What gave it away was its fuzzy appearance, which is caused by the melting ice and released gases forming a hazy shell around the comet's nucleus.
In the past few weeks the comet has made its way into the inner solar system, and it will reach perihelion—its closest approach to the sun—at a distance of 30 million miles (48 million kilometers) from the sun on March 10. (Video: Sun 101.)
There's no chance of collision with Earth however, as the body has already gotten as close it will get to our planet, at about 100 million miles (160 million kilometers) away.

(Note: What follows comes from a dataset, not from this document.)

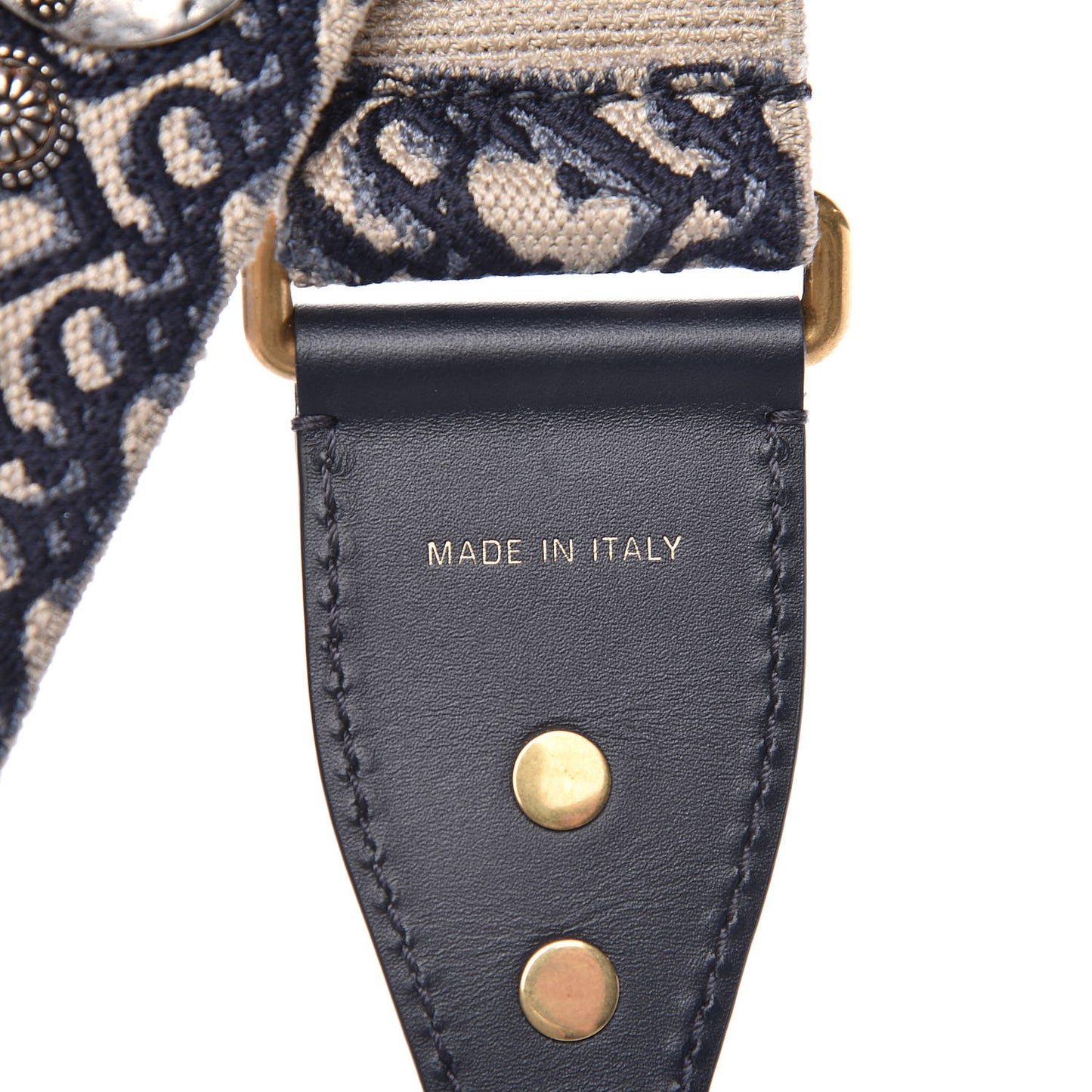 Oblique DiorAddict Flap Bag Navy Blue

When are the best viewing times?
Soon after reaching perihelion, the comet may become visible to the naked eye for Northern Hemisphere sky-watchers low in the western horizon just after sunset on March 7, weather permitting, said Raminder Singh Samra, a resident astronomer at the H.R. MacMillan Space Centre in Vancouver, Canada.
"When viewers look for Pan-STARRS, they should have a clear unobstructed view of the western horizon, as the comet is visible for only a few minutes each night in mid-March," Samra said.
"For best results a clear view of the horizon and dark skies are recommended, and having binoculars will greatly enhance the view for observers in large, bright cities." (Also see "New Comet Discovered—May Become 'One of Brightest in History.'")
About a half-hour to an hour after sunset on the 12th and 13th will be the easiest time to spot the comet, thanks to a young crescent moon.
The moon will act as a convenient guidepost in helping to track down Pan-STARRS. On the 12th, look for the comet to the moon's upper left. On the 13th, the comet will appear to be hanging lower right of the moon.
How is it best seen?
It's essential to have a very clear, unobstructed view toward the western horizon at twilight.
Being close to the horizon and the glare of the sun might make spotting Pan-STARRS with the unaided eye a bit challenging, so scanning the lower sky with binoculars will help the hunt tremendously.
If predictions hold true, the comet may become at least as bright as the stars that form the Big Dipper pattern in the constellation Ursa Major, or the Great Bear. Binoculars and small telescopes will help tease out the details in the head and tail of the comet. (Explore an interactive solar system.)
What should we look for?
Comet Pan-STARRS should appear as a hazy smudge of light in the twilight sky with possibly a growing tail.
Starting from the 12th, look for the comet to glide across the background of stars appearing to move night to night from the low west to the higher north until it parks itself in the constellation Cassiopeia by the end of March.
According to Samra, it's important to keep in mind that while comets are notorious for being unpredictable—and this one may brighten or fade unexpectedly—"comets like this are fairly rare, and we should try to make an effort to view it."